Caption-style text data:
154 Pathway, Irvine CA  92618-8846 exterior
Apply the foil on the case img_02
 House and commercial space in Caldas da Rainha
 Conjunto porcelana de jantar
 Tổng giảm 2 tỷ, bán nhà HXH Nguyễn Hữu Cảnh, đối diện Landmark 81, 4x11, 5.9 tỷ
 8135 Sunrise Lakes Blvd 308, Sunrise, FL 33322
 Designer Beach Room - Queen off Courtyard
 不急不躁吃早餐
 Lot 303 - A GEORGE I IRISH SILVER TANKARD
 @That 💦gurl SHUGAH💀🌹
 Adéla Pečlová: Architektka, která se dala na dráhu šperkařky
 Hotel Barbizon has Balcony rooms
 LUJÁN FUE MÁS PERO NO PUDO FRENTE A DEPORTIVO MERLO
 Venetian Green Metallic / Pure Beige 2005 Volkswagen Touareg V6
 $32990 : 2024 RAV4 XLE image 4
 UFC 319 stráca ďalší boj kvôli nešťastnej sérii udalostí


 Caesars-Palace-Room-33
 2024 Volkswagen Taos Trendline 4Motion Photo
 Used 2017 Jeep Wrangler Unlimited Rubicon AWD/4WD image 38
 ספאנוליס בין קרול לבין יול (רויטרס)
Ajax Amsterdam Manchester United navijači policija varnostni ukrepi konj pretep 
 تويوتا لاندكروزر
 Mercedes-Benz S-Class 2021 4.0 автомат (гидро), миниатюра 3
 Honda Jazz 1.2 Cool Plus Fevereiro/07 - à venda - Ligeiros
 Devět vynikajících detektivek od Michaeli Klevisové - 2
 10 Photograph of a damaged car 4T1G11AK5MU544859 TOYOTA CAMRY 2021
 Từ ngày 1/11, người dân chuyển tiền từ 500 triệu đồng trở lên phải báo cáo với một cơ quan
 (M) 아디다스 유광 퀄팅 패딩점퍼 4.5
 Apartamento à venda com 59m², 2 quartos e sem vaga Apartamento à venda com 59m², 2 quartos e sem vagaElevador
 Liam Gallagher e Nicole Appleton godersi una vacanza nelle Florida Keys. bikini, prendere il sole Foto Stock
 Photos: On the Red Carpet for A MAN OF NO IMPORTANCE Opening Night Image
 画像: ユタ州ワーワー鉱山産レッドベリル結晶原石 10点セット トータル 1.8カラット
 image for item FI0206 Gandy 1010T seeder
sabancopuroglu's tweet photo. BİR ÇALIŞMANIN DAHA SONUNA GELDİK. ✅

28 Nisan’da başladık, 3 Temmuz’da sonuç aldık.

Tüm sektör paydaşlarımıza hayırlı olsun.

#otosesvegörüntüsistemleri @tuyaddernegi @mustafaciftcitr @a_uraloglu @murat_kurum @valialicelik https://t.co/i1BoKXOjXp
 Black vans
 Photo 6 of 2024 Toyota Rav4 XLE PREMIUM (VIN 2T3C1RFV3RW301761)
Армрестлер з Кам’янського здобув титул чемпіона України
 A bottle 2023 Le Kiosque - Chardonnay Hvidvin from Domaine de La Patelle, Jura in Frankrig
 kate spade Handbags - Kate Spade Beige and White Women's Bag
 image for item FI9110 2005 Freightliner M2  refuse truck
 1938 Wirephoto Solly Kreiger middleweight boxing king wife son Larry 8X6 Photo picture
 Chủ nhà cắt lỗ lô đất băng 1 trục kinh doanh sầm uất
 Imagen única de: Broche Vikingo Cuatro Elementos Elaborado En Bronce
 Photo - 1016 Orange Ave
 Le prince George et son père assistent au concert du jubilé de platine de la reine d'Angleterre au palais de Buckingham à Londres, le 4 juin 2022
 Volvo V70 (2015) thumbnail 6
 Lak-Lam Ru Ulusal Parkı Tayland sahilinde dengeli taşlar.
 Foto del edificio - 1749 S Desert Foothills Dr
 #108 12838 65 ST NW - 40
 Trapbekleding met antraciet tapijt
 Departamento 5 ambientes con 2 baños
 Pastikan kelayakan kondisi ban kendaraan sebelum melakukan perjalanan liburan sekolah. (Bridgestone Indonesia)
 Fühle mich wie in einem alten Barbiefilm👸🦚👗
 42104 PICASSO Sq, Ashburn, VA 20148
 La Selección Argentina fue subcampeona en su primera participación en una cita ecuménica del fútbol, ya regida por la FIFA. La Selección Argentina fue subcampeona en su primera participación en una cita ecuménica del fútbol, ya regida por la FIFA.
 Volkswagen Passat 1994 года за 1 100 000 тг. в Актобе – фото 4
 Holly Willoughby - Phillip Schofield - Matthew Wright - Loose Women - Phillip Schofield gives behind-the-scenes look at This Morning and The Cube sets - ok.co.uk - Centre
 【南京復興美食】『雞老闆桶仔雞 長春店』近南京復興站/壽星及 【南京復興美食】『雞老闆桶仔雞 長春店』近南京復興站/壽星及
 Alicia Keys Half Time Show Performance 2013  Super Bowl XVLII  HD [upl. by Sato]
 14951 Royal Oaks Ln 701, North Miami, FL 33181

### [Exercise objective]
For this task, write out exactly the lines of the entries above, starting at the line with "House and commercial" and ending at the line with "ספאנוליס בין קרול לבין יול (רויטרס)", both included, and no others.

### [Answer space]
 House and commercial space in Caldas da Rainha
 Conjunto porcelana de jantar
 Tổng giảm 2 tỷ, bán nhà HXH Nguyễn Hữu Cảnh, đối diện Landmark 81, 4x11, 5.9 tỷ
 8135 Sunrise Lakes Blvd 308, Sunrise, FL 33322
 Designer Beach Room - Queen off Courtyard
 不急不躁吃早餐
 Lot 303 - A GEORGE I IRISH SILVER TANKARD
 @That 💦gurl SHUGAH💀🌹
 Adéla Pečlová: Architektka, která se dala na dráhu šperkařky
 Hotel Barbizon has Balcony rooms
 LUJÁN FUE MÁS PERO NO PUDO FRENTE A DEPORTIVO MERLO
 Venetian Green Metallic / Pure Beige 2005 Volkswagen Touareg V6
 $32990 : 2024 RAV4 XLE image 4
 UFC 319 stráca ďalší boj kvôli nešťastnej sérii udalostí


 Caesars-Palace-Room-33
 2024 Volkswagen Taos Trendline 4Motion Photo
 Used 2017 Jeep Wrangler Unlimited Rubicon AWD/4WD image 38
 ספאנוליס בין קרול לבין יול (רויטרס)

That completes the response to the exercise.